* BRIEF *
Output only the lines that run from the one with "Miniaturka 14 - Lampa" to the final line of the material, exactly as they are written.
──────
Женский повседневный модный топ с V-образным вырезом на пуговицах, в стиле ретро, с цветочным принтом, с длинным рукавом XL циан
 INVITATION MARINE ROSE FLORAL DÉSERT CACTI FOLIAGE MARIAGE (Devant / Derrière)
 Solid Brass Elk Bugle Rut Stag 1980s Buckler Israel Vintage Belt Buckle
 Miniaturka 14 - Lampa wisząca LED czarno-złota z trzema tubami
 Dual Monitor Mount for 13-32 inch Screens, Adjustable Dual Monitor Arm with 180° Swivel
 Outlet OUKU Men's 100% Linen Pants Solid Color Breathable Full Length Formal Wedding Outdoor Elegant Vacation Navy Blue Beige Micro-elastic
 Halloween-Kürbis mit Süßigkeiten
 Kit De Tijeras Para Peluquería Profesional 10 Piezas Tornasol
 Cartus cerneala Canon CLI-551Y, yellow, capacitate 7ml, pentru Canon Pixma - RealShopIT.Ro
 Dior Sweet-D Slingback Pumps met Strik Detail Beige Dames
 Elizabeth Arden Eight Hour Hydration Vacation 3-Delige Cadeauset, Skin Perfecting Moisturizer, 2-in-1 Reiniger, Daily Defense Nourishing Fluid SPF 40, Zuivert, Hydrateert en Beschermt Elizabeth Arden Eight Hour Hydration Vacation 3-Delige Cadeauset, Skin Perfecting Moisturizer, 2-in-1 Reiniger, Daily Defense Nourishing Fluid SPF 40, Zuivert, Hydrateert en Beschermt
──────
* SOLUTION TO THE EXERCISE *
 Miniaturka 14 - Lampa wisząca LED czarno-złota z trzema tubami
 Dual Monitor Mount for 13-32 inch Screens, Adjustable Dual Monitor Arm with 180° Swivel
 Outlet OUKU Men's 100% Linen Pants Solid Color Breathable Full Length Formal Wedding Outdoor Elegant Vacation Navy Blue Beige Micro-elastic
 Halloween-Kürbis mit Süßigkeiten
 Kit De Tijeras Para Peluquería Profesional 10 Piezas Tornasol
 Cartus cerneala Canon CLI-551Y, yellow, capacitate 7ml, pentru Canon Pixma - RealShopIT.Ro
 Dior Sweet-D Slingback Pumps met Strik Detail Beige Dames
 Elizabeth Arden Eight Hour Hydration Vacation 3-Delige Cadeauset, Skin Perfecting Moisturizer, 2-in-1 Reiniger, Daily Defense Nourishing Fluid SPF 40, Zuivert, Hydrateert en Beschermt Elizabeth Arden Eight Hour Hydration Vacation 3-Delige Cadeauset, Skin Perfecting Moisturizer, 2-in-1 Reiniger, Daily Defense Nourishing Fluid SPF 40, Zuivert, Hydrateert en Beschermt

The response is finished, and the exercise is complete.